Methodology

How the AI Visibility Score is calculated.

Scoring is explainable and versioned. This page documents prompt types, detection rules, and weighted signal families.

AI Visibility Score0out of 100
The score

A single number, 0–100.

The AI Visibility Score is a weighted average of three signal families. Brand-neutral signals drive the majority of the score, while brand-recall remains a smaller context signal.

score =0.65·Organic Visibility + 0.25·Competitive Presence + 0.10·Brand Recognition

Signal families

Organic Visibility

65% weight

Primary signal from brand-neutral discovery prompts. Measures whether your brand appears when buyers ask category questions without naming you.

weighted_mentions_from_discovery_blind / discovery_blind_tests

Competitive Presence

25% weight

Secondary signal from brand-neutral comparative prompts. Captures whether you are present and how strongly you rank against alternatives.

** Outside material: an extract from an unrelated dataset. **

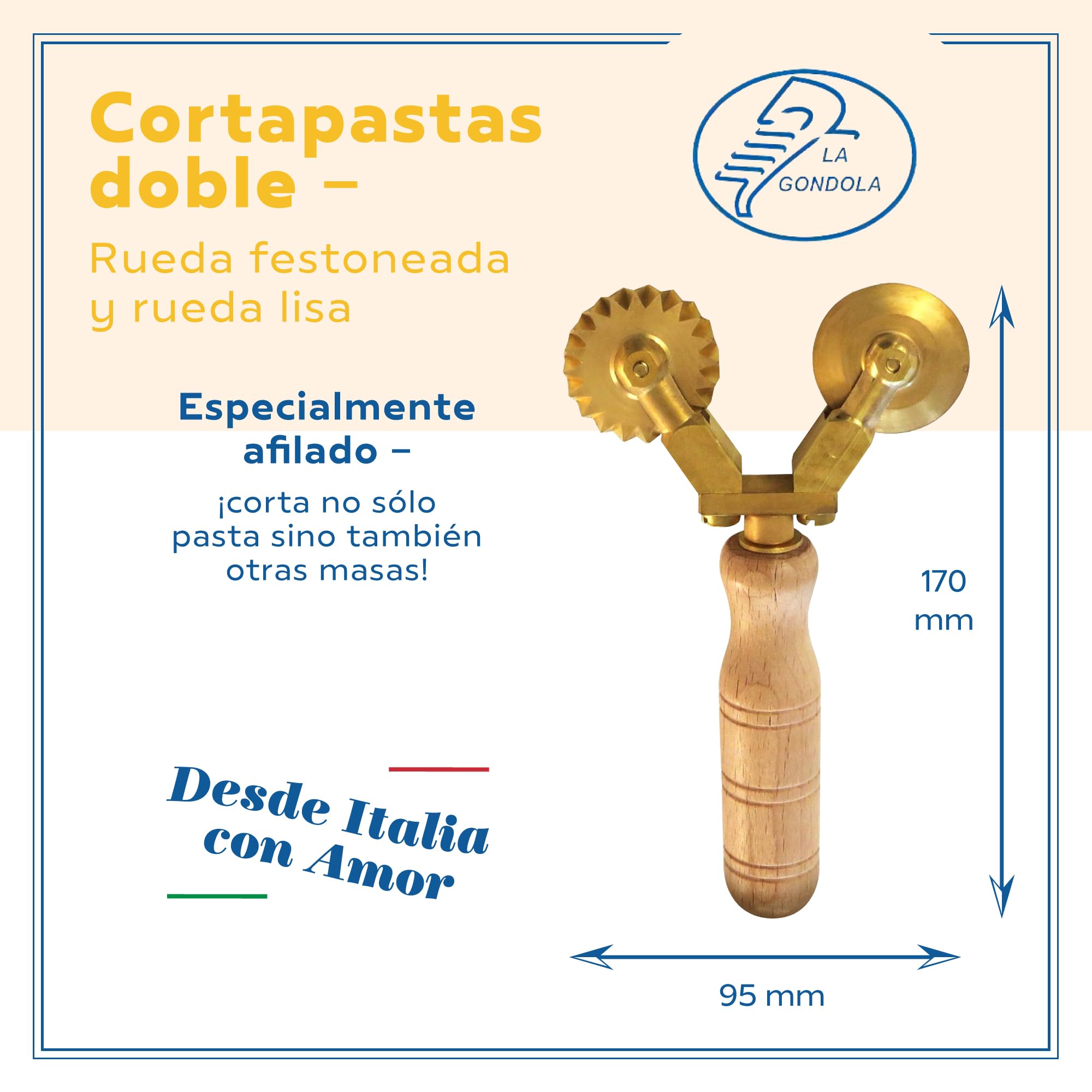 La Gondola Cortador de Rueda Doble (Festoneada y Lisa) | Utensilios para Pasta Fresca para Casa y Negocio | Cortapastas Fácil de Usar de Latón y Madera Natural | Cortador de Raviolis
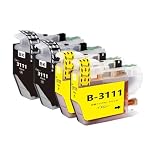 LC3111 ブラザーbrother用互換インクカートリッジLC3111BKブラック2本 LC3111Yイエロー2本 合計4本 対応機種：DCP-J582N J982N-W/B J978N-W/B J972N J973N-W/B J572N J577N J903N J893N J898N J998DN J998DWN J738DN J738DWN J981N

weighted_visibility_from_competitive_blind / competitive_blind_tests

Brand Recognition

10% weight

Tertiary informational signal from explicit brand-recall prompts. Included for context only and intentionally capped so recall cannot dominate score.

weighted_visibility_from_brand_recall / brand_recall_tests

The scan pipeline

01

Generate prompt set by type

The system generates a fixed prompt set with explicit prompt types. Discovery and competitive prompts are brand-neutral by default.

02

Fan out to AI platforms

Each prompt runs across ChatGPT and Gemini. Results are stored per prompt-platform test with deterministic parsing metadata.

03

Parse responses for mentions

Parser-side detection uses normalized domain, display brand, and deterministic token variants to classify mention signal and rank position.

04

Compute the score

Visibility score is weighted by signal family: Organic Visibility (0.65), Competitive Presence (0.25), and Brand Recognition (0.10).

Assumptions & limits

  • Blind prompts are guarded. If a brand-neutral prompt contains your brand/domain token, generation fails fast.
  • Methodology is versioned. Runs carry prompt set and scoring versions so historical comparisons remain traceable.
  • Detection is deterministic. Mention parsing uses substring/list rules with rank extraction and no fuzzy matching.
  • Legacy runs may differ. Older runs can be marked as legacy if they include branded prompt leakage.